Я спросил, смотрел ли кто-нибудь материал. Дукельский мне не ответил и сказал:
– Сами посмотрите, и внимательно. Если все так, как говорят, то предупредите режиссера, что слухи дошли наверх, – он показал пальцем на потолок, – про эти лапти. Поезжайте сегодня же.
Я выехал в Киев. Прибыл, как всегда, утром. Машина уже ждала, и директор картины Рогозовский повез меня прямо в «Континенталь», где был забронирован номер. Рогозовский передал, чтоб я спускался в ресторан, Александр Петрович заедет в гостиницу и вместе поедем на просмотр.
Я побрился и спустился в ресторан. Утром он почти пуст, и я сразу увидел Довженко. Он сидел за столиком с Самойловым – «Щорсом», спиной ко мне, с ним сидел еще какой-то мужчина.
Александр Петрович приветливо помахал рукой, и я подошел к столику. Мужчина обернулся. Это был Мейерхольд.
Александр Петрович познакомил меня.
Самойлову было двадцать два – двадцать три года. Он был очень красив и интеллигентен. Мейерхольд же выглядел усталым и озабоченным. Александр Петрович представил меня не только как редактора, но и как своего близкого знакомого, поэтому беседа продолжалась непринужденно.

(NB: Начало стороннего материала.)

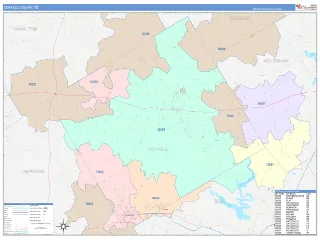 Coryell County, TX ColorCast style ZIP Code wall map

Театр имени Мейерхольда был уже закрыт, и передо мной сидел опальный Мейерхольд. Хотя он участвовал в общем разговоре, порой даже увлеченно, но у меня сложилось впечатление, что он постоянно погружен в свои мысли, все время к ним возвращается.
Самойлов был его учеником – именно Мейерхольд рекомендовал молодого актера на роль Щорса. Женя был крайне воодушевлен и взволнован приездом учителя, видимо, внутренне трепетал. Я же, узнав, что фильм вместе с нами будет смотреть Мейерхольд, быстро поел, так как почувствовал: Довженко ждет этого просмотра с волнением. Мы поехали на студию.
Мейерхольд давно не был в Киеве и расспрашивал по дороге о городе, а на студии не бывал вообще. В те годы это была одна из лучших студий, а новый павильон, в котором снимал Довженко, и по сей день называется «щорсовским».
Вскоре начался просмотр. В зале было лишь несколько человек, операторов. Материал «Щорса» никому не показывали, даже группе.
Впервые фильм на двух пленках смотрели Мейерхольд, Солнцева, Бодик (второй режиссер), Самойлов и я. За микшером сидели Довженко с монтажницей.
По тому времени «Щорс» был одной из самых длинных картин. «Золотым» и нерушимым метражом считалось 2400 метров. Мы же смотрели около 4000 метров. Если обычный метраж состоял из 8 частей, то «Щорс» – из 14, кажется, лишь «Ленин в 1918 году» приближался к нему по метражу.
Фильм смотрелся напряженно, трагические сцены перемежались полными юмора и лукавства. Но все-таки местами ощущалась перегрузка материалом: столь густо насыщенным и многослойным был каждый кадр, что терялся ритм. Нужно было сократить кое-где проезды, батальные сцены.
Я не пишу свое мнение о картине – оно выражено в моей статье, которой открывалось обсуждение фильма на страницах газеты «Кино». Поначалу в моей голове неуклонно гвоздилось все то, о чем мне говорил Дукельский, но постепенно это отошло, я вошел в поток фильма и отдался ему. Изредка я смотрел на лицо Мейерхольда, пытаясь угадать его впечатление: он смотрел оживленно, иногда чуть приподымаясь, еще внимательнее всматриваясь в экран, иногда откидываясь и как-то расслабляясь. На него посматривала и Юлия Ипполитовна.